WHAT THE TASK ASKS
The lines below, from the one containing "The default is" through the one containing "So this takes", should be set down exactly, with no pictures and nothing else.

------ TASK DATA

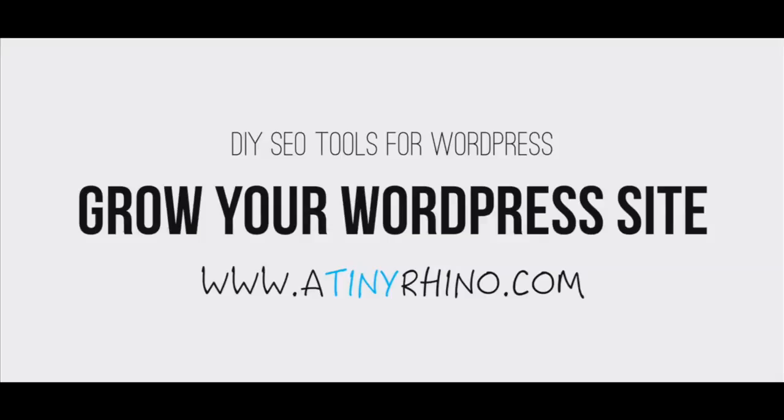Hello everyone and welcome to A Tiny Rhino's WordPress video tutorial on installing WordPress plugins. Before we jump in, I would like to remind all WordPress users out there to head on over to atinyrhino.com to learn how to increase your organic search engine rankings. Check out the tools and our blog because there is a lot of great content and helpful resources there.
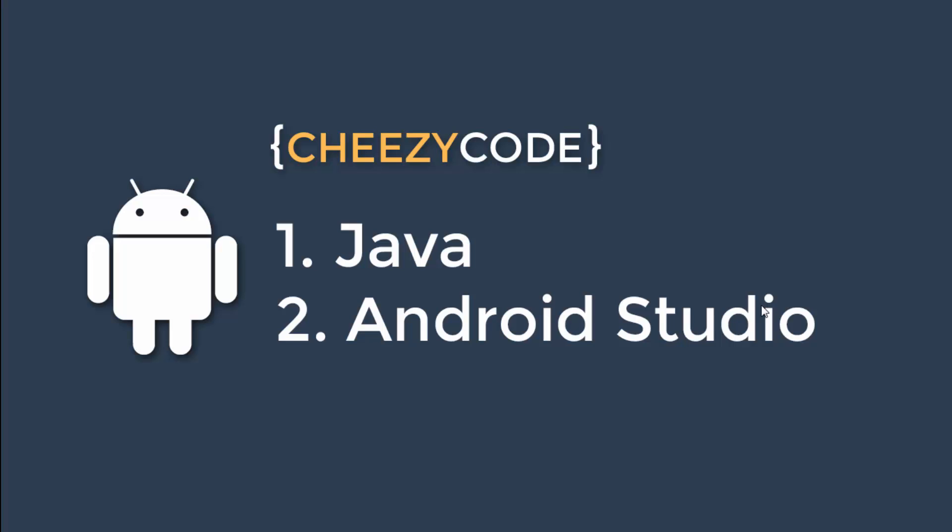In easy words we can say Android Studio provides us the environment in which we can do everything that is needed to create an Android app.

------------
------ TASK DATA

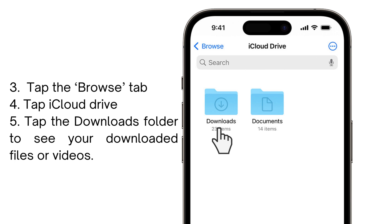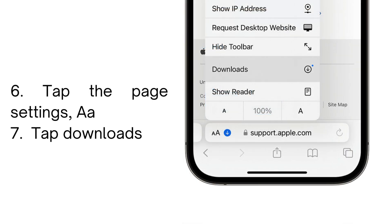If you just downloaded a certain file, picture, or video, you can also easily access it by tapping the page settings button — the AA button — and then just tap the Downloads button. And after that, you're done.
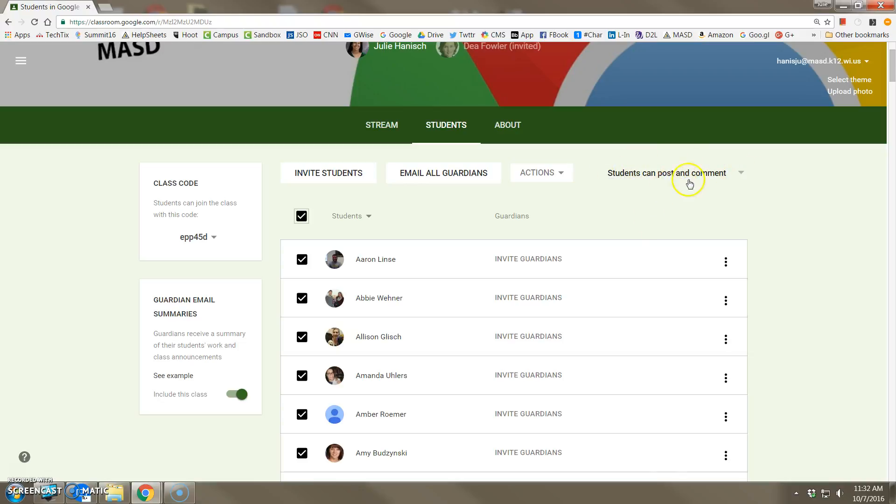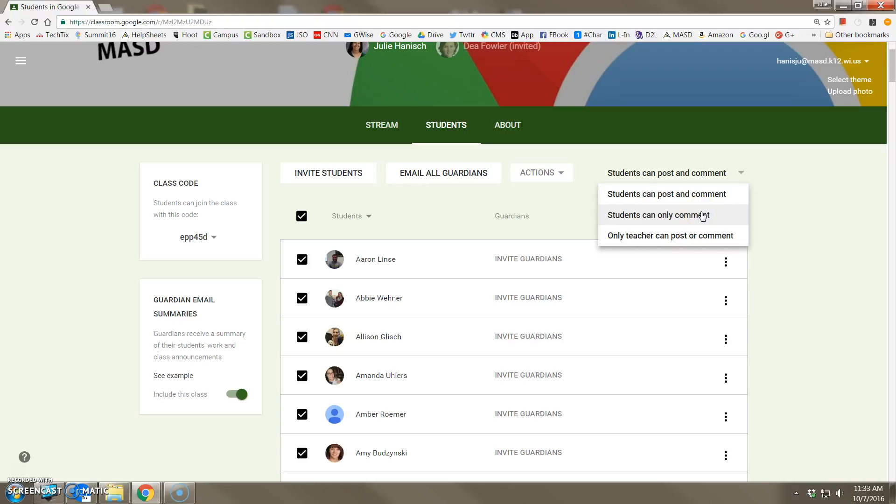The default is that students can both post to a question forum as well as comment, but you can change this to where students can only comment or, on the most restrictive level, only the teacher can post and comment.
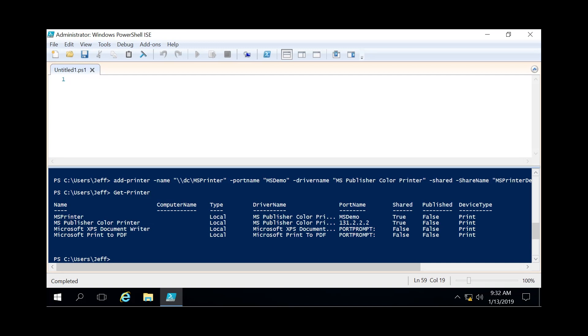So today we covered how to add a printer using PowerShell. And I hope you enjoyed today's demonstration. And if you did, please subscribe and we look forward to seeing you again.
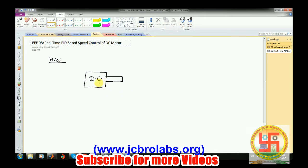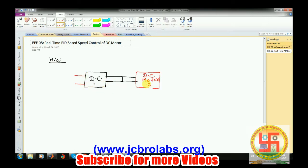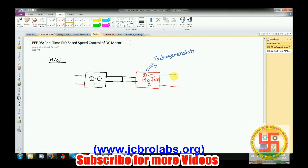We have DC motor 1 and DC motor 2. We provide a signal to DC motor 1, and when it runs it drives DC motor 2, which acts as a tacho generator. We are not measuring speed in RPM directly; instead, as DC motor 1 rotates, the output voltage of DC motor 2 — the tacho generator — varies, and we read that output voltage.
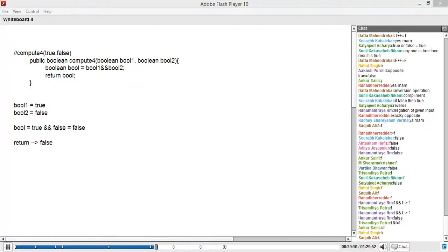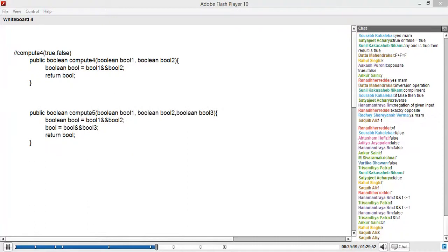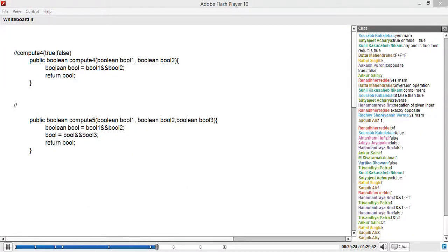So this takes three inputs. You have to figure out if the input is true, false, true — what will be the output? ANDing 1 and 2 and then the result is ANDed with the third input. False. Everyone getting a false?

------------

SOLUTION TO THE PROBLEM
The default is that students can both post to a question forum as well as comment, but you can change this to where students can only comment or, on the most restrictive level, only the teacher can post and comment.
So today we covered how to add a printer using PowerShell. And I hope you enjoyed today's demonstration. And if you did, please subscribe and we look forward to seeing you again.
We have DC motor 1 and DC motor 2. We provide a signal to DC motor 1, and when it runs it drives DC motor 2, which acts as a tacho generator. We are not measuring speed in RPM directly; instead, as DC motor 1 rotates, the output voltage of DC motor 2 — the tacho generator — varies, and we read that output voltage.
So this takes three inputs. You have to figure out if the input is true, false, true — what will be the output? ANDing 1 and 2 and then the result is ANDed with the third input. False. Everyone getting a false?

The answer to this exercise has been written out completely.